--- Record excerpts Enclosed Below ---

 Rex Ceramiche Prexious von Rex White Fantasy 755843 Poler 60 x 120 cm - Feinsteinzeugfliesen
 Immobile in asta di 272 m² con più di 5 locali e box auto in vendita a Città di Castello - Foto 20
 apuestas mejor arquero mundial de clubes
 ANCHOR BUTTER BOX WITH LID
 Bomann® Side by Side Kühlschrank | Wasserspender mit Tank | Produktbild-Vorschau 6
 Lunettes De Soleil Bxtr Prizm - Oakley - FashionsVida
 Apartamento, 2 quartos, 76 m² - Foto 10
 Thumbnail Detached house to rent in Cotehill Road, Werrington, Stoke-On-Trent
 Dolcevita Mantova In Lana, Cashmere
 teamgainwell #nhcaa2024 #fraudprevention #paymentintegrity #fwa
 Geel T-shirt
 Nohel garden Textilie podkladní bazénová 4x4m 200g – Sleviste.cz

--- End of Enclosed Record excerpts ---

Your answer should consist of the material above, written out word for word.

 Rex Ceramiche Prexious von Rex White Fantasy 755843 Poler 60 x 120 cm - Feinsteinzeugfliesen
 Immobile in asta di 272 m² con più di 5 locali e box auto in vendita a Città di Castello - Foto 20
 apuestas mejor arquero mundial de clubes
 ANCHOR BUTTER BOX WITH LID
 Bomann® Side by Side Kühlschrank | Wasserspender mit Tank | Produktbild-Vorschau 6
 Lunettes De Soleil Bxtr Prizm - Oakley - FashionsVida
 Apartamento, 2 quartos, 76 m² - Foto 10
 Thumbnail Detached house to rent in Cotehill Road, Werrington, Stoke-On-Trent
 Dolcevita Mantova In Lana, Cashmere
 teamgainwell #nhcaa2024 #fraudprevention #paymentintegrity #fwa
 Geel T-shirt
 Nohel garden Textilie podkladní bazénová 4x4m 200g – Sleviste.cz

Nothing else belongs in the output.